Coincidences and Corruption You probably snicker cynically when you see the latest example of corruption -- such as a member of Congress fronting for some interest group that pours big money into his campaign fund -- and everyone involved says, "There's no connection between the money and the bill sponsorship." [Dan Gillmor's eJournal]
10:04:07 PM    

ICANN's Stonewalling Stopped ICANN's stonewalling of board member Karl Auerbach has been a scandal. It suggests that the organization does have something to hide. [Dan Gillmor's eJournal]
10:03:00 PM    

Bush Waters Down Anti-Fraud Law He Just Signed "Yep, that's our president. At least he stays bought." [Dan Gillmor's eJournal]
10:01:10 PM    

Corporate getaways!. President Bush says he's getting tough on crime in the suites -- but his old friends at Enron might never see the inside of a jail. [Salon.com]

Of course his friends at Enron will get away. They gave him too much money to do any jail time. It'll be "just not enough evidence" to convict, or something like that...
9:34:13 PM    

Joe Conason's Journal. How can Democrats beat Bush in 2004? The way Clinton did it in 1992 -- by uniting the party. [Salon.com]

Can they do that, or are they just like crabs in a barrel?
8:47:23 PM    

Bush's Double Dip? A few months ago the vast majority of business economists mocked concerns about a "double dip," a second leg to the downturn. But there were a few dogged iconoclasts out there, most notably Stephen Roach at Morgan Stanley. As I've repeatedly said in this column, the arguments of the double-dippers made a lot of sense. And their story now looks more plausible than ever. ... On the surface, the sharp drop in the economy's growth, from 5 percent in the first quarter to 1 percent in the second, is disheartening. Under the surface, it's quite a lot worse. ... Bear in mind that government officials have a stake in accentuating the positive. The administration needs a recovery because, with deficits exploding, the only way it can justify that tax cut is by pretending that it was just what the economy needed. [Daypop Top 40]
8:38:12 PM    

Party of the pocketbook As the latest Bush recession heads into its second dip, it's washing away one of the oldest truisms in American politics.

When I was growing up in the '60s and '70s, conventional wisdom about our political parties was clear: Democrats stuck up for working people and minorities, but you couldn't trust them with your money. For that, you wanted a Republican. This reached a head in the late '70s, as Jimmy Carter faced runaway inflation, oil shocks and unemployment, and couldn't seem to make headway against them. Reagan's election brought a recession, a tax cut and a deepening federal deficit -- but one way or another he got credit in the national mythology for dispelling the Carter malaise and putting the economy right.

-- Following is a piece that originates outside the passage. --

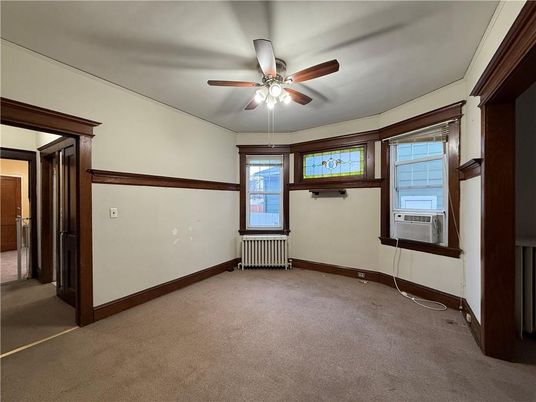 Empty room, Interior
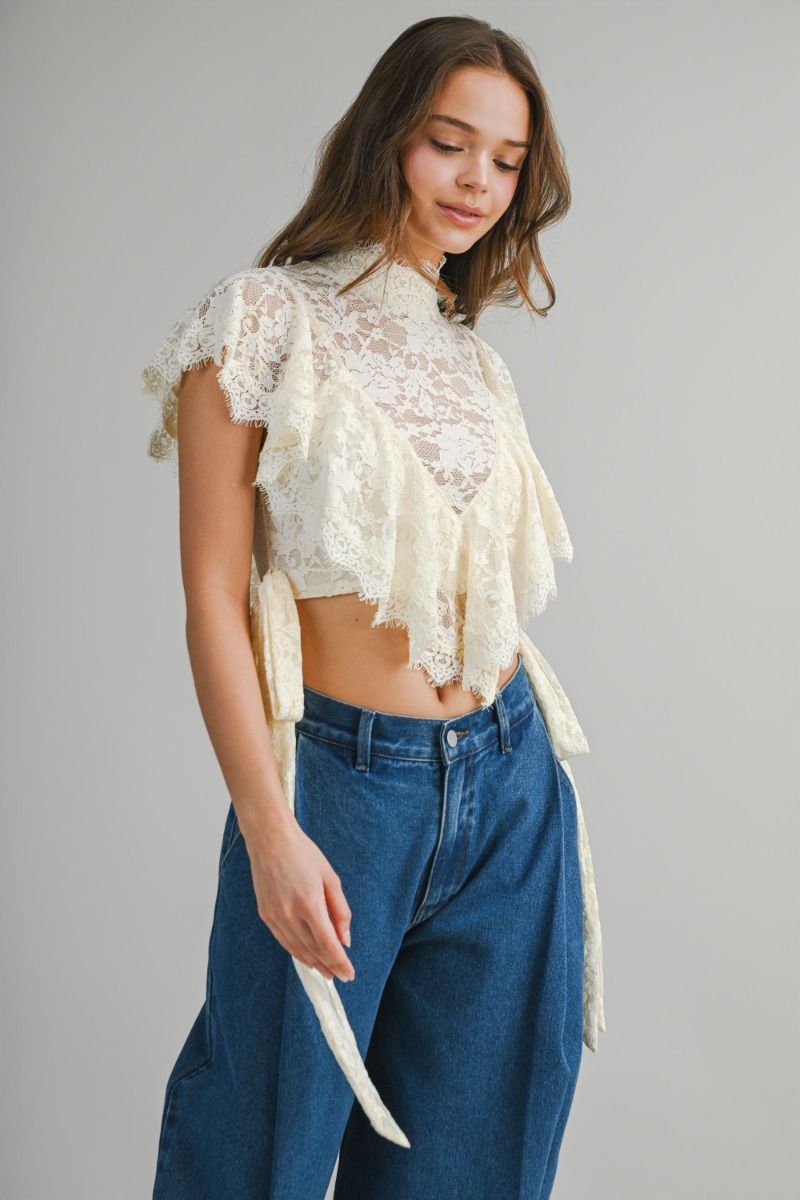 VINTAGE LACE RUFFLE TOP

Since Reagan, though, a new pattern has emerged, not just in the reality of the economy's numbers but in the shorthand of the popular mind. Bush I: Recession. Clinton: Economic growth. Bush II: Recession.

Circumstance and luck play a huge part in all this, to be sure. But patterns like these are what build popular myths. If Bush doesn't begin improving the fumbling performance of his economic team, or break free of his "tax cut or die" ideology, he could inherit a cruel variation on James Carville's mantra from the 1992 election -- as "It's the economy, stupid" gets transformed in the popular mind to "It's stupid's economy." [Scott Rosenberg's Links & Comment]
8:30:09 PM    

Homeland Insecurity. The September issue of the Atlantic Monthly has a remarkable special report called Homeland Insecurity (not yet excerpted online). It features none other than Bruce Schneier. I am delighted to see Schneier's philosophical transformation -- from crypto-infatuated fortress builder to pragmatic watchguard -- detailed in a mainstream magazine. People who would never have read Secrets and Lies will read this excellent article, and I hope will ponder Schneier's message: ... [Jon's Radio]
8:28:30 PM    

© Copyright 2003 Michael Alderete.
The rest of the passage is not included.